Other Non-Operating Income (Expense)

The Company recorded other non-operating income, net, of $73.4 million in 2006, compared to $9.0 million in 2005. For the fourth quarter of 2006, the Company recorded non-operating income, net of $35.2 million, compared to non-operating expense, net, of $1.3 million for the fourth quarter of 2005. The 2006 non-operating income, net, comprises a $43.2 million gain from the sale of the Company’s interest in BrassRing, $33.8 million in gains related to the sales of marketable securities and $11.9 million in foreign currency gains, offset by a $14.2 million write-down of a marketable equity security and other non-operating items.

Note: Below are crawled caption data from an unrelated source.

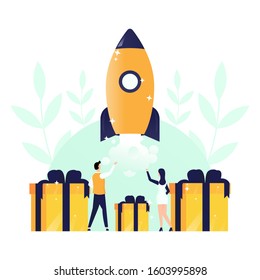 Vector illustration, Business Start Up Concept, business project startup process, ideas through planning and strategy, time management, realization. Can be used for, landing pages, templates, UI, web.
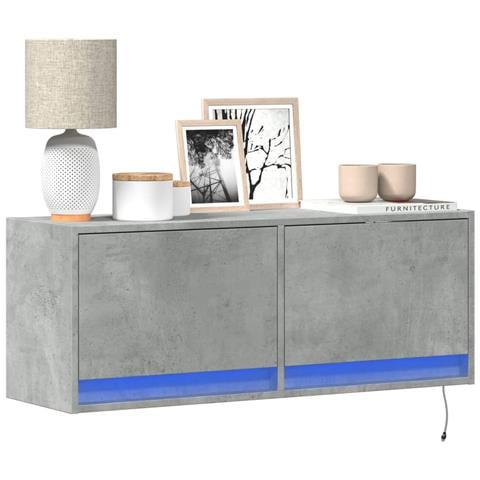Mobile Tv A Parete Con Luci Led Grigio Cemento 100x31x35 Cm - Foto 1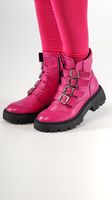 leder kurzschaftstiefel mit schnallen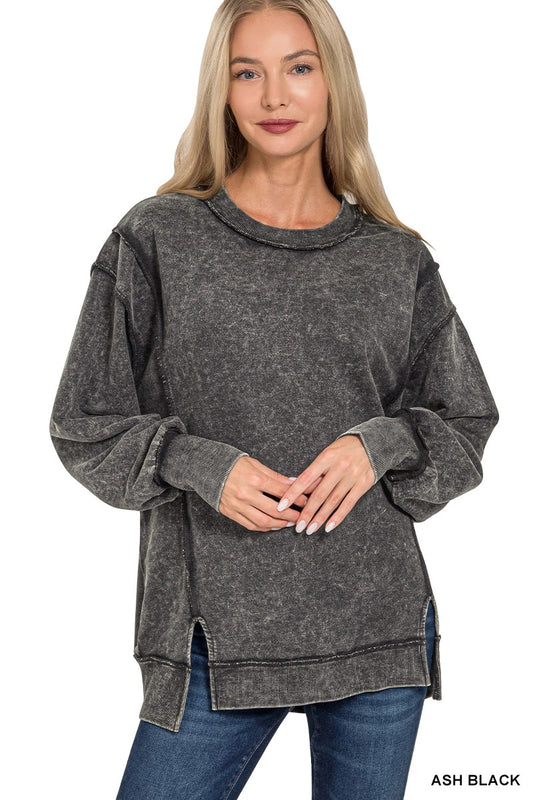 Acid Wash F/terry Exposed-seam Sweatshirt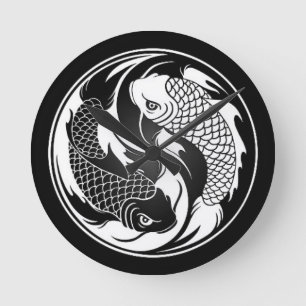 Vit och svart Yin Yang Koi fisk Rund Klocka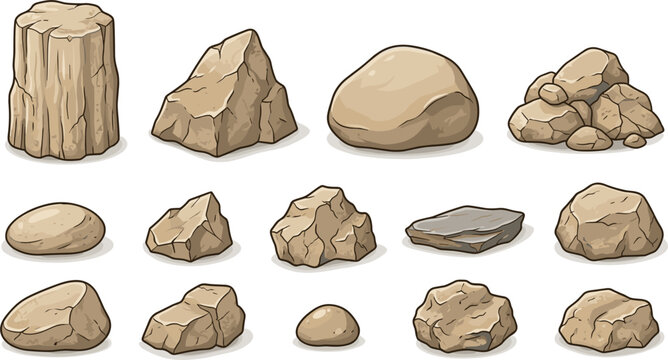 Cartoon Stone and Rock Vector Set with Isolated Boulder Pebble and Slab Elements for Game Environment Landscapes and Nature Background Designs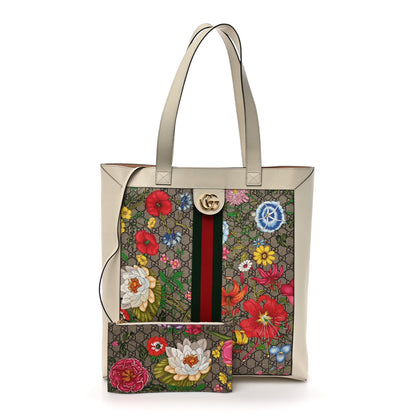 Gucci GG Supreme Monogram Flora Web Ophidia Vertical Shopping Tote White 4 of 14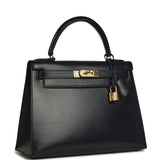 Vintage Hermes Kelly Sellier 28 Bleu Navy Box Gold Hardware - Thumbnail View 2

The 2005 non-operating income comprises $17.8 million in gains related to the sales of non-operating land and marketable securities, offset by $8.1 million in foreign currency losses and other non-operating items.

Net Interest Expense

The Company incurred net interest expense of $14.9 million in 2006, compared to $23.4 million in 2005; net interest expense totaled $2.9 million for the fourth quarter of 2006, versus $4.6 million for the fourth quarter of 2005. The declines in net interest expense are primarily due to increases in interest income in 2006 and the fourth quarter of 2006. At December 31, 2006, the Company had $407.2 million in borrowings outstanding at an average interest rate of 5.5%; at January 1, 2006, the Company had $428.4 million in borrowings outstanding at an average interest rate of 5.4%.

Provision for Income Taxes

The effective tax rate was 36.5% for 2006 and 37.1% for 2005. The decline in the 2006 effective tax rate is primarily due to lower state taxes. A significant portion of the lower state taxes in 2006 is not expected to recur in 2007. Accordingly, the Company expects an effective tax rate in 2007 of approximately 38.25%, due to higher state taxes, offset in part by lower taxes provided with respect to increased earnings of foreign subsidiaries.

Cumulative Effect of Change in Accounting Principle

In the first quarter of 2006, the Company adopted SFAS 123R, which requires companies to record the cost of employee services in exchange for stock options based on the grant-date fair value of the awards. SFAS 123R did not have any impact on the Company’s results of operations for Company stock options as the Company adopted the fair-value-based method of accounting for Company stock options in 2002. However, the adoption of SFAS 123R required the Company to change its accounting for Kaplan equity awards from the intrinsic value method to the fair-value-based method of accounting. As a result, in the first quarter of 2006, the Company reported a $5.1 million after-tax charge for the cumulative effect of change in accounting for Kaplan equity awards ($8.2 million in pre-tax Kaplan stock compensation expense).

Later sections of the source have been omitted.